Problem requirements – Reproduce the data in full, exactly.

Data block –

━━━

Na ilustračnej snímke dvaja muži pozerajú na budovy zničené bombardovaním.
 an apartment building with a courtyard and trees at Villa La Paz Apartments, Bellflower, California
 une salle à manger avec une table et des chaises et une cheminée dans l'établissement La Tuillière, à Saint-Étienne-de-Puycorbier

━━━

Written response –
Na ilustračnej snímke dvaja muži pozerajú na budovy zničené bombardovaním.
 an apartment building with a courtyard and trees at Villa La Paz Apartments, Bellflower, California
 une salle à manger avec une table et des chaises et une cheminée dans l'établissement La Tuillière, à Saint-Étienne-de-Puycorbier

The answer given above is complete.